Für den Fall, dass die Forderung nach einer Verlegung der Verknüpfungsstelle Kirnstein in den Wildbarren abgewiesen wird, müssen dann die Bestandsgleise im Bereich der Verknüpfungsstelle in westlicher und die Neubaugleise in östlicher Richtung nebeneinander angeordnet werden, um den enormen Flächenbedarf mit schädlichen Auswirkungen für Landwirtschaft, Landschaft, Natur und für die Bevölkerung im Inntal zu reduzieren.

 

 

  1. Schutz der Landwirtschaft: Ökologischer Ausgleich auf landwirtschaftlichen Flächen im Landkreis Rosenheim, insbesondere aber im Inntal muss auf das absolut Mindeste reduziert werden

 

Der Flächenbedarf der möglichen Neubaustrecke samt Begleitmaßnahmen, wie z.B. Anpassung der bestehenden Infrastruktur, Baustelleneinrichtung oder Kompensationsmaßnahmen, muss aufgrund der Flächenknappheit und der kleinstrukurierten Landwirtschaft in Rosenheim unbedingt weiter minimiert werden. Für die naturschutzrechtlichen  Ausgleichs- und Ersatzmaßnahmen dürfen keine landwirtschaftlich genutzten Flächen im Landkreis Rosenheim beansprucht werden. Vorrangig müssen Möglichkeiten einer finanziellen Abgeltung oder Ökokonten genutzt werden. Unvermeidbare Artenschutzrechtliche Kompensationsmaßnahmen sind durch produktionsintegrierte Maßnahmen (PIK Maßnahmen) abzugelten.
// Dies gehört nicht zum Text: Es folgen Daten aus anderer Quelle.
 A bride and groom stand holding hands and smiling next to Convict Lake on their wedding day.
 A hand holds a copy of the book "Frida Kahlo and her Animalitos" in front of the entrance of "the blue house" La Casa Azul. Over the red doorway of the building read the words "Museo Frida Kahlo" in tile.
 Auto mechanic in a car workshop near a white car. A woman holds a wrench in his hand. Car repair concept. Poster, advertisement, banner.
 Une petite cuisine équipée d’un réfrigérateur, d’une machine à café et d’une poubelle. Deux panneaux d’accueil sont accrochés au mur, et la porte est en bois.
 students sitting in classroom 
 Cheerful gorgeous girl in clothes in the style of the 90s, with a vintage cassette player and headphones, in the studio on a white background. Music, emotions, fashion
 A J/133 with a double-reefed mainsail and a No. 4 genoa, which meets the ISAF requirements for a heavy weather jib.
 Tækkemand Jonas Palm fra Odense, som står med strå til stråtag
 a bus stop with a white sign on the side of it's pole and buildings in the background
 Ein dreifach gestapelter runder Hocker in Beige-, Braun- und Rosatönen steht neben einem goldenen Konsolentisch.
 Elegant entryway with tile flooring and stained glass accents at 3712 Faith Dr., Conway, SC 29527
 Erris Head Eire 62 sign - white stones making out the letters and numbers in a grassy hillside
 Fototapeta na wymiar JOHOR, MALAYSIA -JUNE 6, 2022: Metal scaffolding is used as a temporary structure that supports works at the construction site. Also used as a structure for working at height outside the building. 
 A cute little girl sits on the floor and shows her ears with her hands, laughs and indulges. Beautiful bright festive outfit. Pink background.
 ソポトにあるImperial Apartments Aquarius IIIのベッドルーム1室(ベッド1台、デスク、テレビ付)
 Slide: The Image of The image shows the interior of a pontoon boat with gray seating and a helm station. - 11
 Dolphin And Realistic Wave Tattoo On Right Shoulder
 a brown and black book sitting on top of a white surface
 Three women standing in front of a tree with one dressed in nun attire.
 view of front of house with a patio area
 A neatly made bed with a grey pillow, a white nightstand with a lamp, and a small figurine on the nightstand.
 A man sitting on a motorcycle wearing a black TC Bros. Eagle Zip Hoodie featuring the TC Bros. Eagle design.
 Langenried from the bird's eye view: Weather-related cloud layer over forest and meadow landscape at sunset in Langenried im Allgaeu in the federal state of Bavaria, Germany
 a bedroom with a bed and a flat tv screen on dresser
Zusätzliche schädliche Belastungen für die Landwirtschaft durch Flächenverluste aufgrund von Ausgleichs- und Ersatzmaßnahmen sind auszuschließen.

 

Hinweise für das Planfeststellungsverfahren

 

 

Sofern eine Umsetzung der Baumaßnahme beschlossen wird, weist der Landkreis Rosenheim vorsorglich schon jetzt darauf hin, dass im späteren Planfeststellungsverfahren zwingend folgende Punkte zu behandeln und für die Bauausführung festzusetzen sind:

 

  • Während der Bauphase ist für die betroffene Bevölkerung ein maximaler Schutz vor Lärm, Staub und Erschütterungen sicherzustellen. Dies gilt auch für touristische Destinationen.
  • Sämtliche im Einflussbereich der Baumaßnahme liegenden Trinkwassergewinnungen müssen umfassend geschützt werden.
  • Die Baumaßnahme ist so zu planen und auszuführen, dass es zu keiner schädlichen Beeinträchtigung der umgebenden Landschaft, den örtlichen Baugrundverhältnissen, angrenzenden Gebäuden und vorhandenen Denkmälern kommen kann.
  • Der Umfang der Baustelleneinrichtungsflächen ist zu minimieren und die temporäre Inanspruchnahme ordnungsgemäß zu entschädigen.
  • Während der Bauphase ist die Freihaltung von Rettungszufahrtswegen sicher zu stellen.
  • Für die Benutzung öffentlicher Straßen im Baubetrieb sind die Straßenbaulastträger von den baulichen und betrieblichen Folgelasten freizustellen.

 

Der Aushubtransport muss vorrangig über Förderbänder, die Schiene und die Autobahn erfolgen.